> _EXERCISE_: Print exactly the lines below between the line containing "Convocan al XVII" and the line containing "Mixed Floral Print", counting both of those lines. Leave pictures out.

> _DATA_:
--- START ---
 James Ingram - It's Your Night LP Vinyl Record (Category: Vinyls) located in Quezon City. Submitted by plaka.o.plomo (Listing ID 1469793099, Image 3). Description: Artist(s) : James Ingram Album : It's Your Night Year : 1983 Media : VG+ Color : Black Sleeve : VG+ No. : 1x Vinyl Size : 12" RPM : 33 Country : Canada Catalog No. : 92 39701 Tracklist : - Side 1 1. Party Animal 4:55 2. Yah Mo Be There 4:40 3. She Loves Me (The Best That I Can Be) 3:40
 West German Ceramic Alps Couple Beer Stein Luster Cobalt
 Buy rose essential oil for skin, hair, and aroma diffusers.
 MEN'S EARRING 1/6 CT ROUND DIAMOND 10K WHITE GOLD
--- END ---
--- START ---
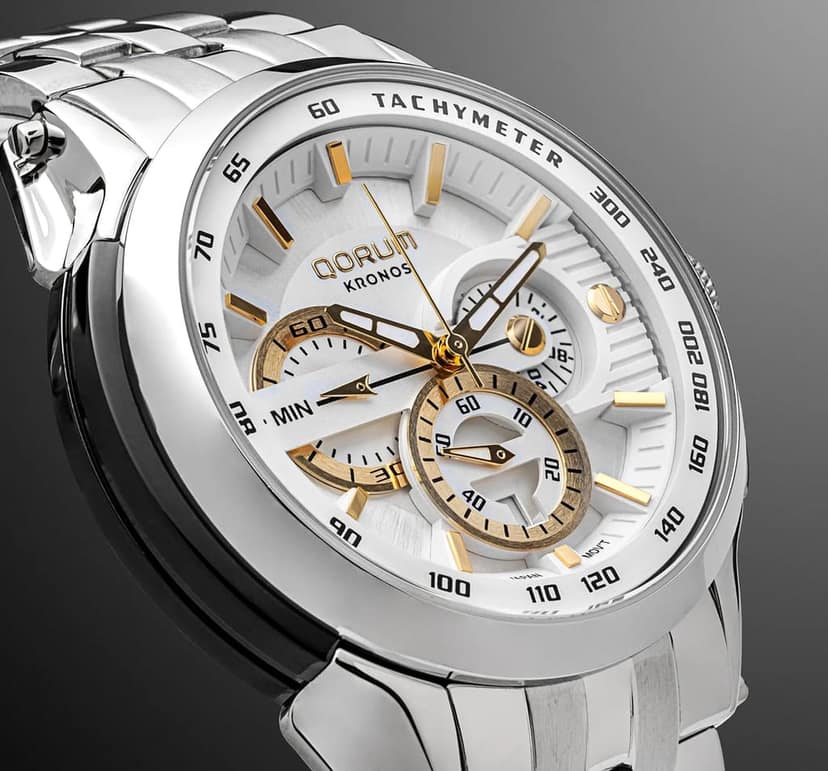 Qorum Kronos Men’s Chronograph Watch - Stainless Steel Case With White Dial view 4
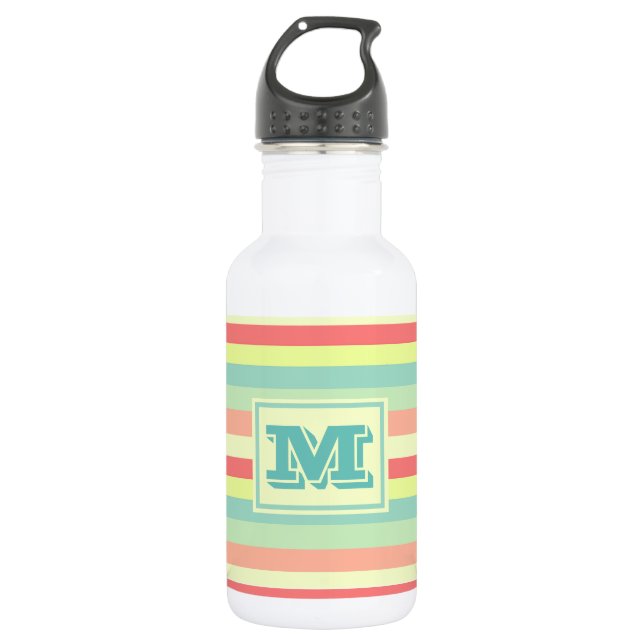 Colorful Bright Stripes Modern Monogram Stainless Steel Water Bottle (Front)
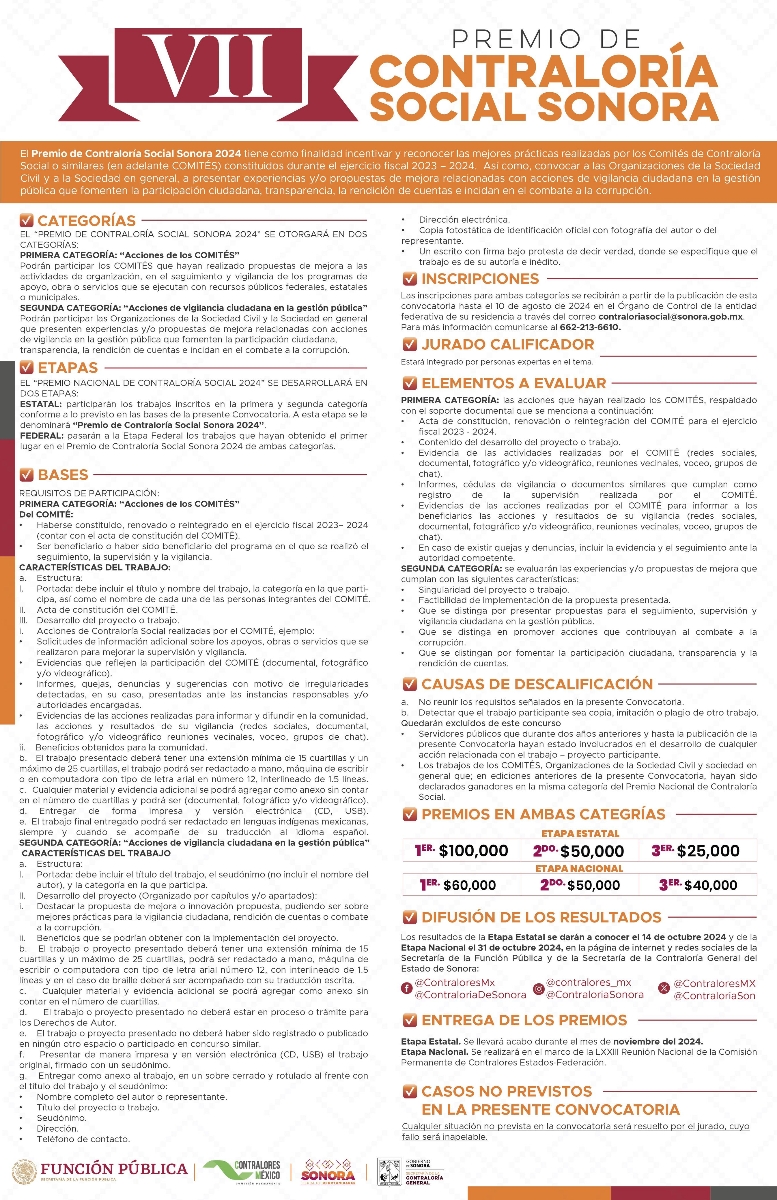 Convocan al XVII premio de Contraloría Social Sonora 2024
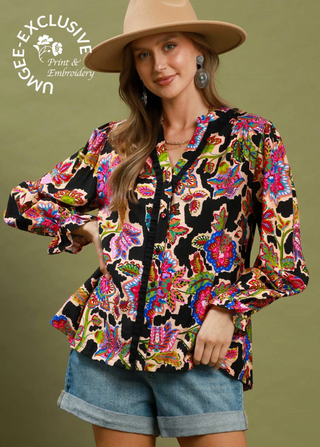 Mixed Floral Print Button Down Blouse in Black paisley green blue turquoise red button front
--- END ---
--- START ---
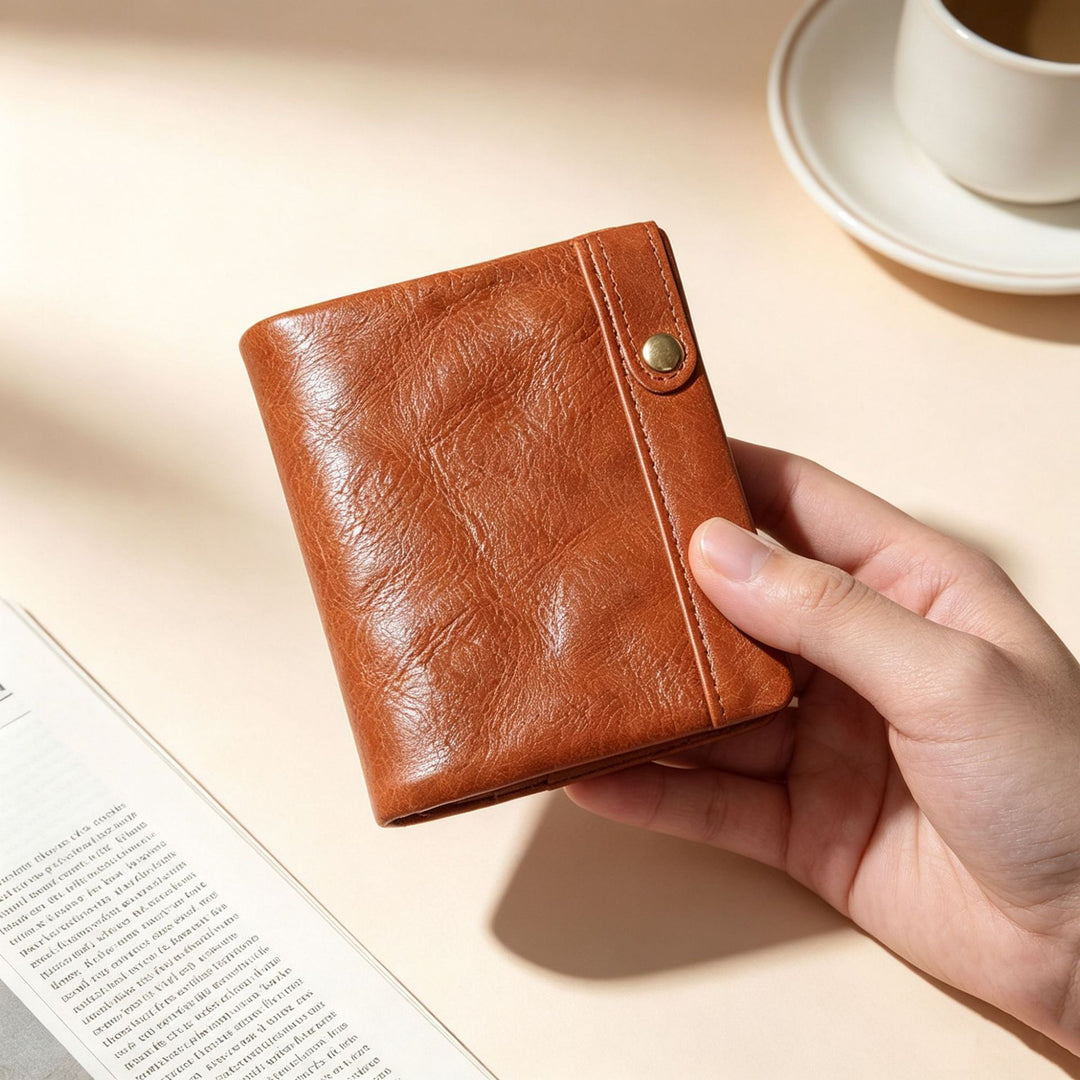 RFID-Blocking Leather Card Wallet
--- END ---
> _TASK ANSWER_:
 Convocan al XVII premio de Contraloría Social Sonora 2024
 Mixed Floral Print Button Down Blouse in Black paisley green blue turquoise red button front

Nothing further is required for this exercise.